Staff A was present and acknowledged the finding.
NFPA Standard: NFPA 99 5.1.3.3.2* Design and Construction. Locations for central supply systems and the storage of positive-pressure gases shall meet the following requirements: (1) They shall be constructed with access to move cylinders,
equipment, and so forth, in and out of the location on hand trucks complying with 11.4.3.1.1. (2) They shall be secured with lockable doors or gates or otherwise secured. (3) If outdoors, they shall be provided with an enclosure (wall or fencing) constructed of noncombustible materials with a minimum of two entry/exits. (4) If indoors, they shall be constructed and use interior finishes
of noncombustible or limited-combustible materials such that all walls, floors, ceilings, and doors are of a minimum 1-hour fire resistance rating. (5)*They shall be compliant with NFPA 70, National Electrical Code, for ordinary locations. (6) They shall be heated by indirect means (e.g., steam, hot water) if heat is required. (7) They shall be provided with racks, chains, or other fastenings
to secure all cylinders from falling, whether connected, unconnected, full, or empty. (8)*They shall be supplied with electrical power compliant with the requirements for essential electrical systems as described in Chapter 6. (9) They shall have racks, shelves, and supports, where provided, constructed of noncombustible materials or limited-combustible materials. (10) They shall protect electrical devices from physical damage.
Tag No.: K0926
Based on staff interview and document review the facility fails to properly train and document their staff on the proper handling of compressed gas equipment in accordance with NFPA 99. This deficient practice would affect all patients, visitors, and staff in 5 of 5 smoke zones. The facility has a capacity of 25 with a census of 3 at the time of the survey.
Findings include:
During the survey conducted on 7/23/18 and 7/24/2018 the following deficiency is noted:
1. At approximately 8:42 AM during record review on 7/23/2018, it is discovered that there is no documentation for any medical gas training for staff members.

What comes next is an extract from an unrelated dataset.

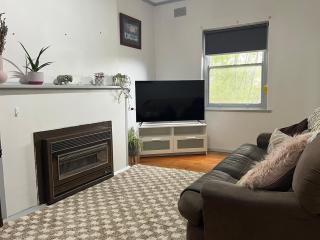 Budget-Friendly 3-Bedroom Stone Home Mt Gambier - 5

Staff A was present and acknowledged the finding.
NFPA Standard: NFPA 99 11.5.2 Gases in Cylinders and Liquefied Gases in Containers.
11.5.2.1 Qualification and Training of Personnel. 11.5.2.1.1* Personnel concerned with the application and maintenance of medical gases and others who handle medical gases and the cylinders that contain the medical gases shall be trained on the risks associated with their handling and use. 11.5.2.1.2 Health care facilities shall provide programs of continuing education for their personnel. 11.5.2.1.3 Continuing education programs shall include periodic review of safety guidelines and usage requirements for
medical gases and their cylinders. 11.5.2.1.4 Equipment shall be serviced only by personnel trained in the maintenance and operation of the equipment. 11.5.2.1.5 If a bulk cryogenic system is present, the supplier shall provide annual training on its operation.